You remember seeing her words the day he died;

“He’s gone.”

And as you exhaled the last breath of before, and drew in that first heaving breath of what’s next, you knew and sensed her trust in the one who gives every breath. Your voice barely cracked;

“…Mom?”

And you heard her steady reassuring voice saying, “I’m ok. It’s ok.”

And it is. Even though it’s not.

The day your dad dies, you see her strength as she goes back alone and does the laundry. Washes dishes. Allows herself to grieve in her own way. By doing the needful things. By answering the phone as each kid calls. By telling her friends the saddest news of all and reading their words of comfort, sorrow, and hope. By saying to the Lord, “Okay… I know this part now.
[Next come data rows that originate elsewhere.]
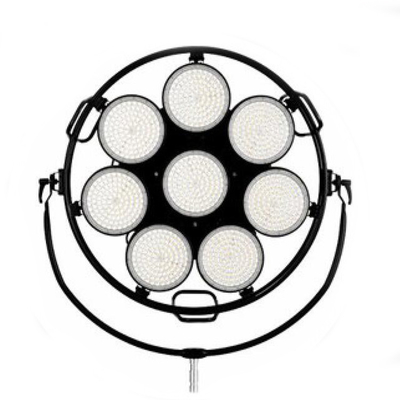 1300W 야외 촬영 여덟 헤드 라이트 사진 채우기 빛 공간 램프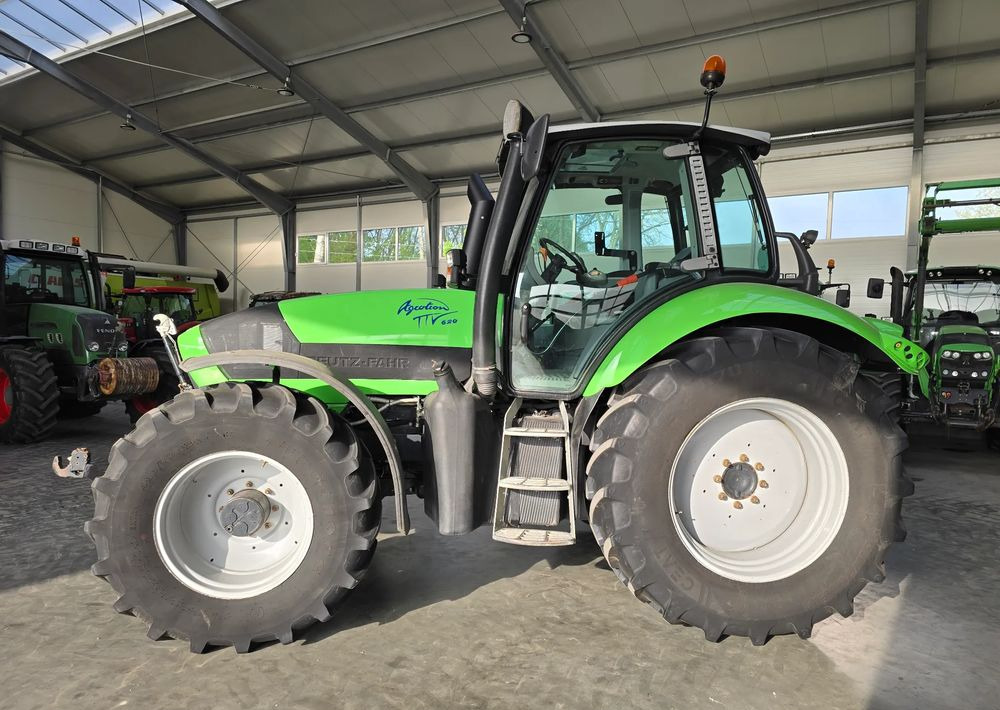 Deutz-Fahr 620 TTV - Tractor: foto 2 Deutz-Fahr 620 TTV - Tractor: foto 2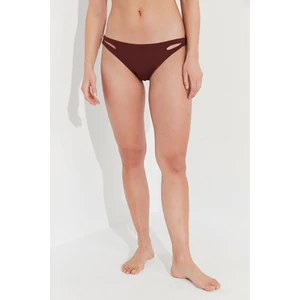 Kahverengi Arty Side Bikini Altı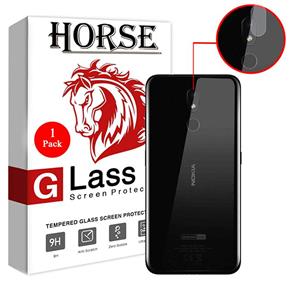 محافظ لنز دوربین هورس مدل SGL-H مناسب برای گوشی موبایل نوکیا 3.2 Horse SGL-H Lens Protector For Nokia 3.2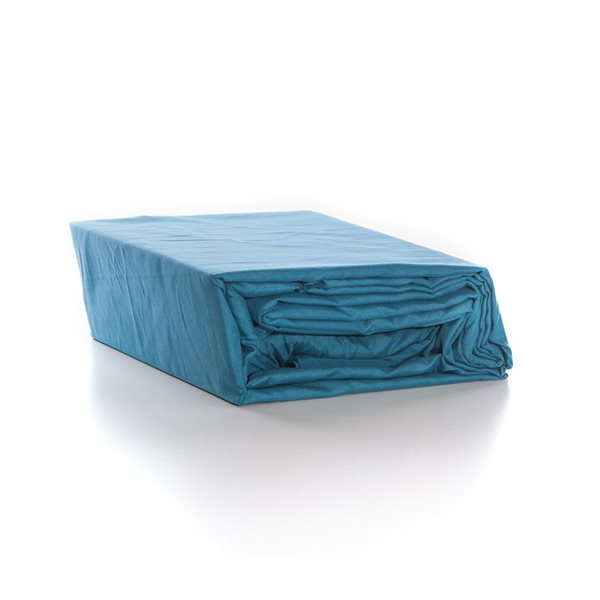 Gouchee Home Teal Full Microfibre Bed Sheets - 4-Piece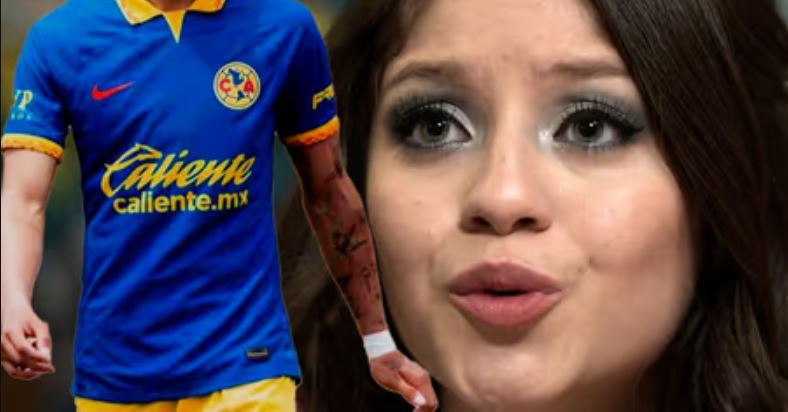 Diego Monroy, futbolista de América, es captado en romántico beso con Karol Sevilla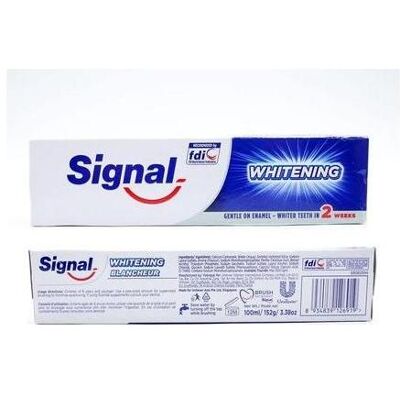 Signal, Zahnpasta, Whitening Zahnpasta (100 ml) Signal, Zahnpasta, Whitening Zahnpasta (100 ml)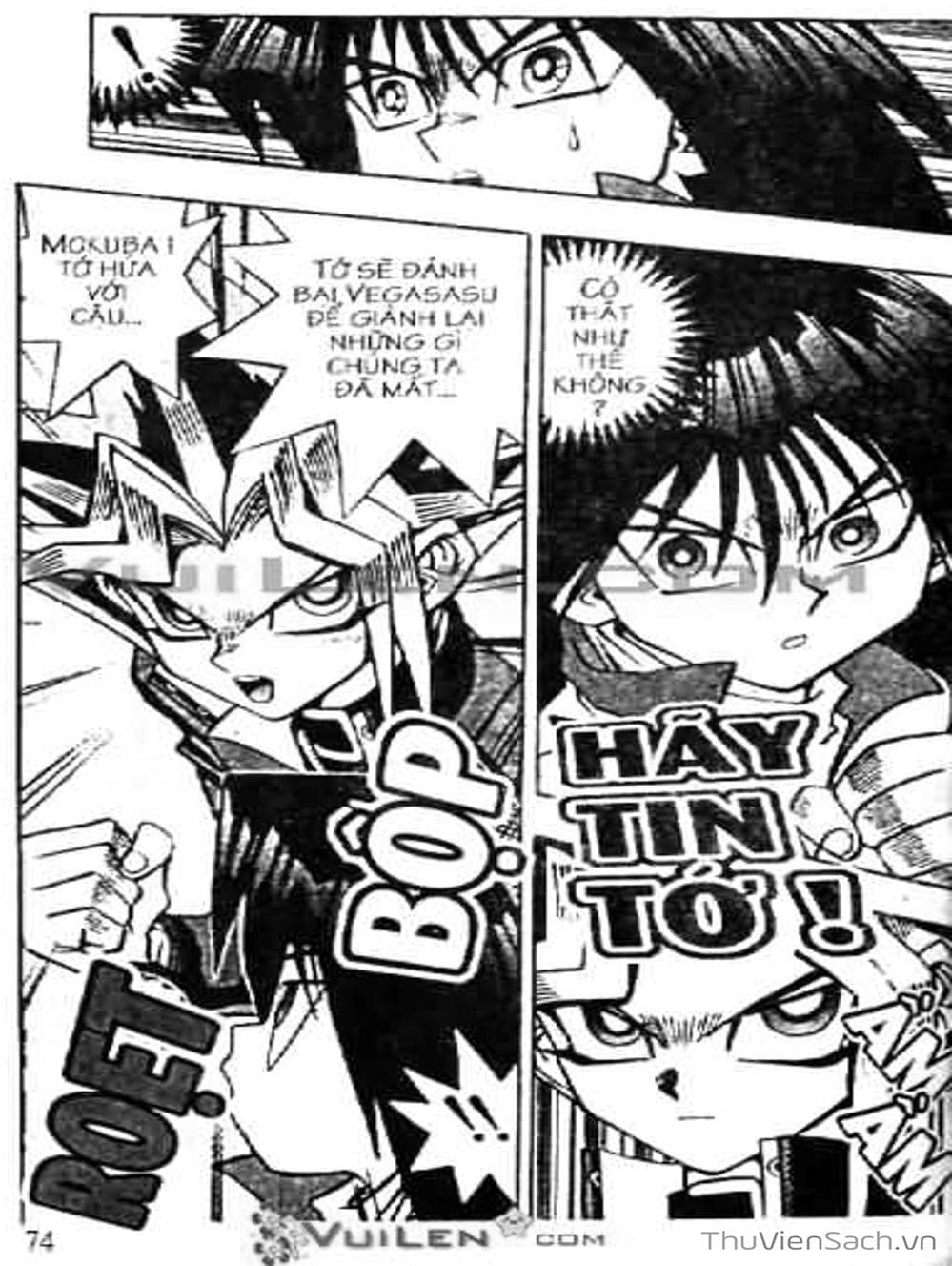 Truyện Tranh Vua Trò Chơi - Yugi Oh trang 5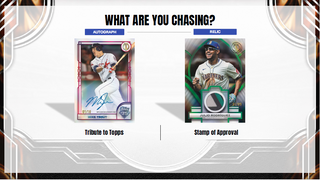 PREORDER: 2026 Topps Tribute Baseball Hobby Box (Release date 29 July)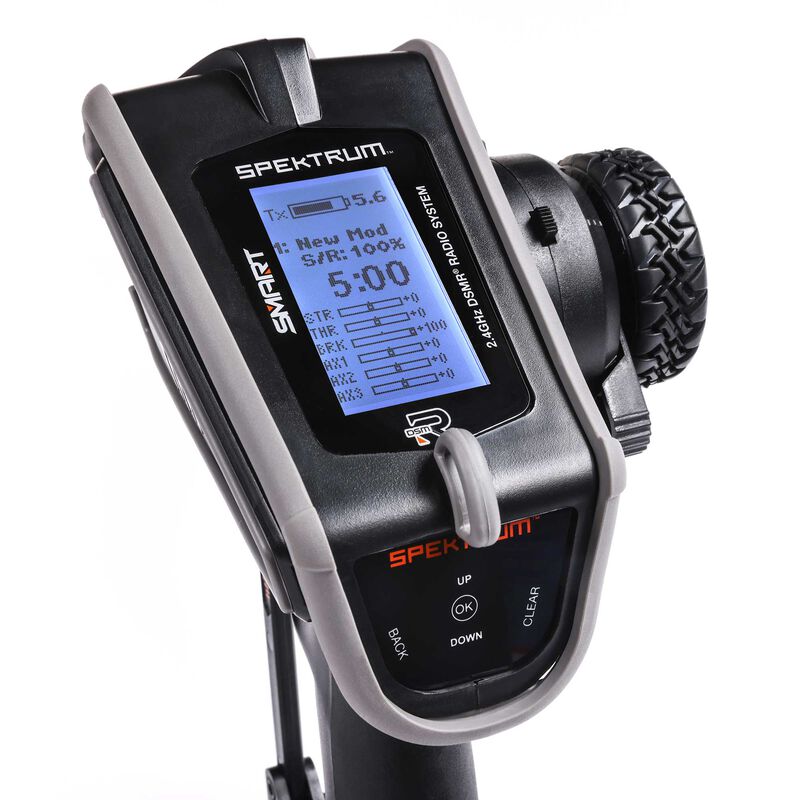 Spektrum DX6 Rugged 6-Channel DSMR Transmitter with SR515 Receiver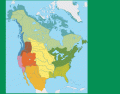 Native Culture Areas of North America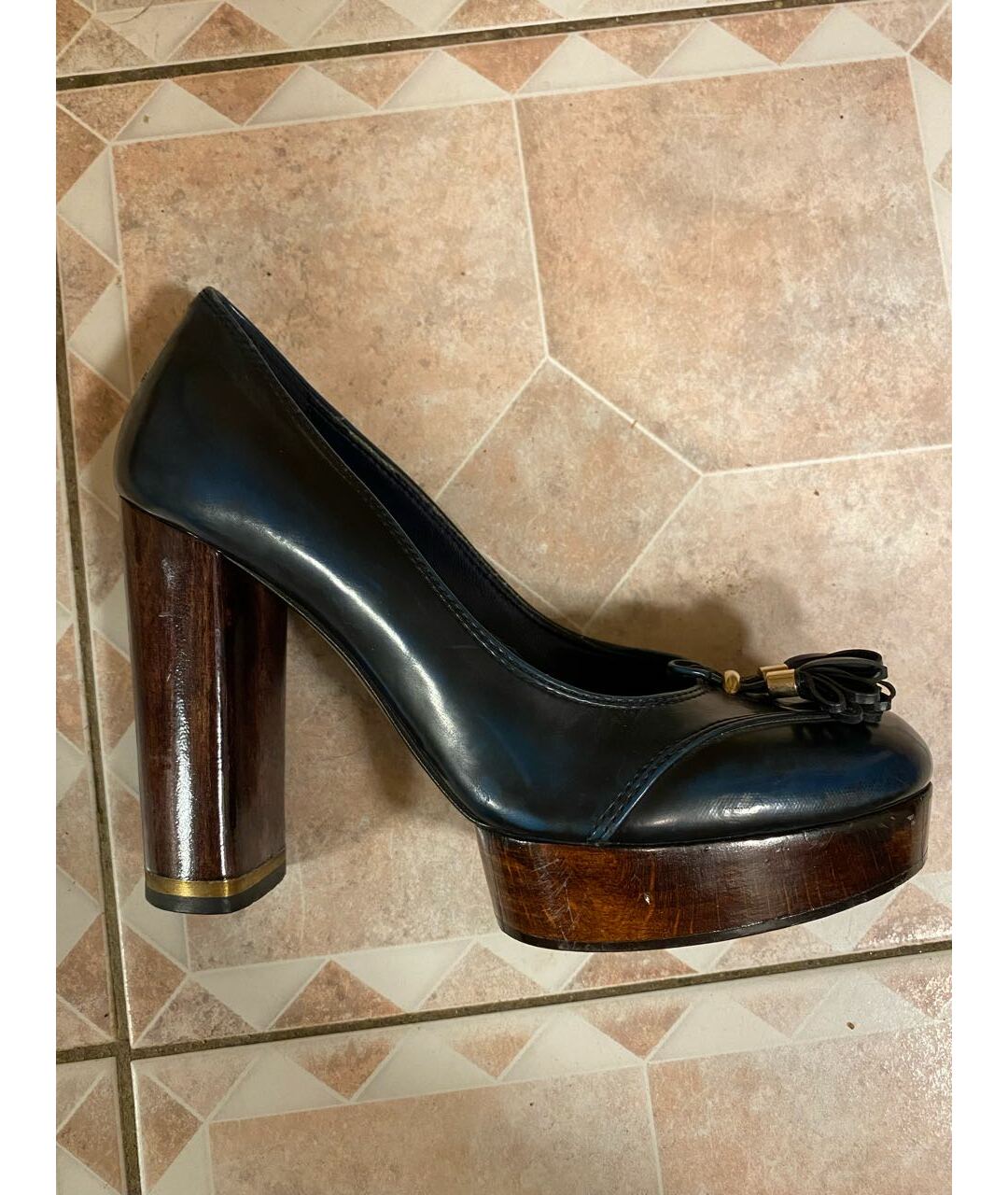 STELLA MCCARTNEY Мульти кожаные туфли, фото 5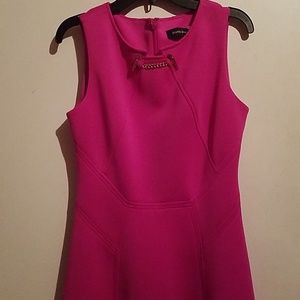 ⭐WORN ONLY ONCE⭐Hot pink Ivanka Trump dress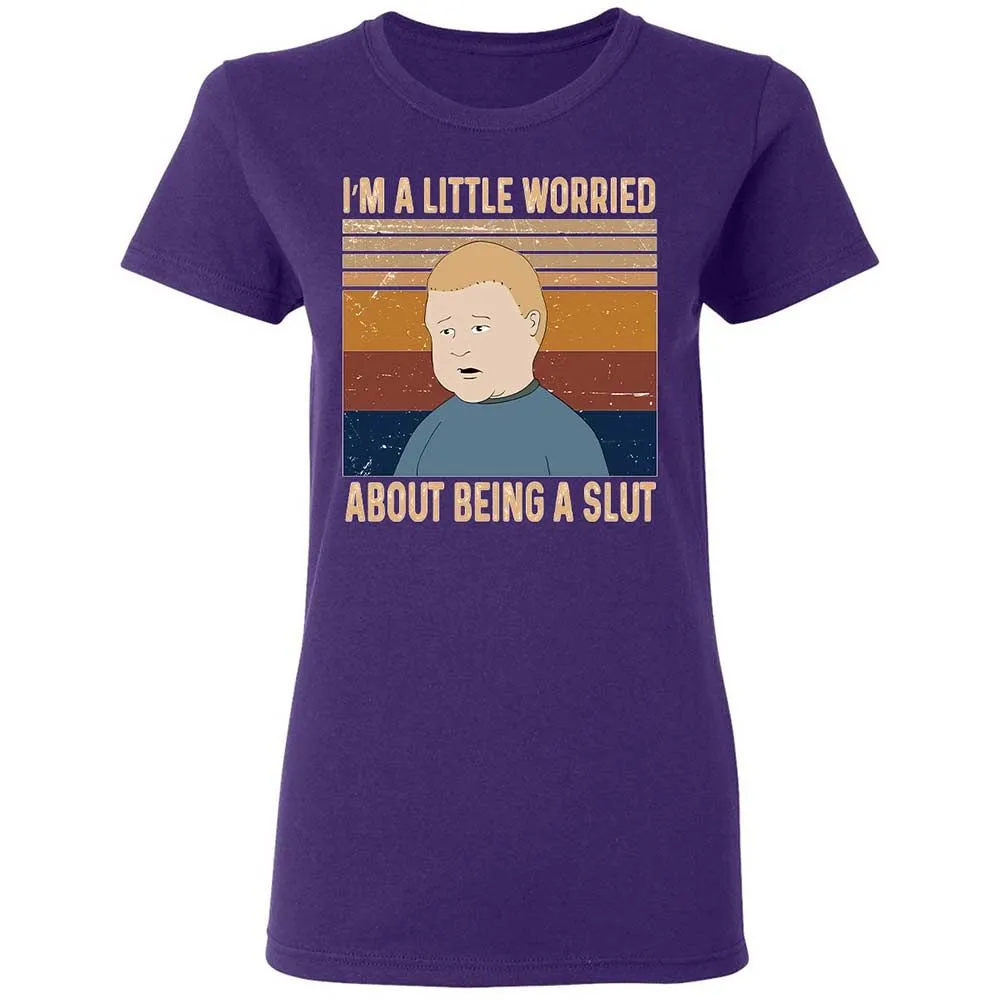 I'm a Little Worried About Being a Slut - Purple - 11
Show me what’s next.” You watch her begin to tackle the big new realities and responsibilities that she must take on. You watch her begin to adopt them and make them her own. You watch her and realize you might survive should you ever be called to walk a similar road. She gives you confidence just because she is willing to embrace the life she has been given and not give way to fear. You watch her allow her future to be redefined because she knows who wrote the book. You see one who does not shrink back and is overcome, but one who is more than a conqueror.

The week your dad dies you know your mom’s spirit when you hear her laugh through her tears. And you see her tears flow mostly when she holds your head in her arms. And when she teaches you how mothering is always changing and staying the same as she lets you sit on her bathroom floor and cry, staying up well past her bedtime just talking and listening to you talk about how much you will miss him even though he sometimes drove you crazy, what heaven will be like, how God is so good, how thankful you are for the childhood you had and for her. And whatever else.

The week your dad dies you know your mom’s character when you see the mix of children she has raised, how very different they are, and yet each one shaped and molded in part by who she is and how she has loved them. And that every one of them feels perfectly safe being a grown up broken-hearted kid in her arms.

The week your dad dies you find yourself being mothered in ways you never have before. And you only hope and pray that God will allow you to one day be even half so strong and lovely as she. And you rise up and call her blessed.